Yuri Bondarev: I was raised in a musical family in St. Petersburg. My mother is a piano teacher and my father is first violin in the Rimsky-Korsakov Quartet. My first instrument was actually the piano, but since my mother didn’t have much patience, and my father wanted me to play the violin, I started studying it after a year on the piano. My affection for the viola came much later. At that time, I was living in Berlin and it was shortly before my final exam in violin that I heard a concert of one of the best viola players of our time, Tatjana Masurenko. I found her playing so fascinating that I immediately bought a viola and started to prepare for the entrance exam.
During my study in Leipzig I gathered experience in orchestral playing with the Gewandhaus Orchestra and temporarily with the Vienna Philharmonic. For four years I was member of the Scardanelli Quartet in Hamburg, and I occasionally played with my father’s quartet. In 2009 I debuted with Bartók’s Viola Concerto at the Gewandhaus in Leipzig and at the Sala Verdi in Milan.
After completing my studies in Leipzig, I was hired as a substitute solo viola in the Düsseldorf Symphony Orchestra and moved to Düsseldorf. Along with my work in the orchestra and as chamber musician, I love to teach as well. In Düsseldorf, besides the State Conservatory there is also a very good music academy, the International Anton Rubinstein Music Academy, where I have been teaching for several years. This is the first private music academy in Germany where you can graduate with a state-approved degree. Regular masterclasses and jury membership in competitions complement my musical life, and the rest of the time I spend with my family and my daughter, who has just learned to walk.

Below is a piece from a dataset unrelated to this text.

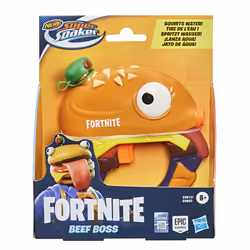 Nerf Super Soaker Fortnite - Blaster À Eau Beef Boss, Design Du Personnage Beef Boss De Fortnite, Petit Blaster Facile À Transporter, Pour Enfants, Ados Et Adultes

Gabriele Leporatti: I began my musical studies at the age of six with my grandfather, a clarinetist, conductor, and composer. Later I studied piano with Fabio Bidini and Maria Tipo in Italy, and with Joaquín Achúcarro in the U.S. Last season I debuted with the BBC National Orchestra of Wales under Thomas Søndergard, performing Prokofiev’s First Piano Concerto.
Along with my solo career, I love to play chamber music in all kinds of formations. As pianist of the Trio Suleika, I performed at the Concertgebouw Amsterdam in the 2014–15 season, my latest collaboration being with Yuri Bondarev, with whom I made this CD. In 2015, I founded my own recording company, Etera Classics. The first album featured solo works by Schumann (the Fantasie, op. 17, and Morning Songs, op. 133) and Respighi (the Notturno and Sonata). Previous recordings of mine include an all-Brahms CD (the Sonata No. 2, the Variations op. 21/1, and the Ballades op. 10) and a piano four hands album with Fabio Bidini (Schubert’s Fantasy D 940, Brahms’s Hungarian Dances, and Rachmaninoff’s Six Pieces). I teach piano at the Anton Rubinstein International Music Academy in Düsseldorf, where I currently live.
When and where did you and Yuri meet, and how did you decide to make an album together as a duo?
G.L.: We are colleagues at the Anton Rubinstein International Music Academy and that is where we first met. Also being curators of the Academy’s Foundation and involved in the many activities of our school—from competitions to concert series organization—nourished our friendship, and we started to play together. So, after some years we wished to record some of the works we felt most close to.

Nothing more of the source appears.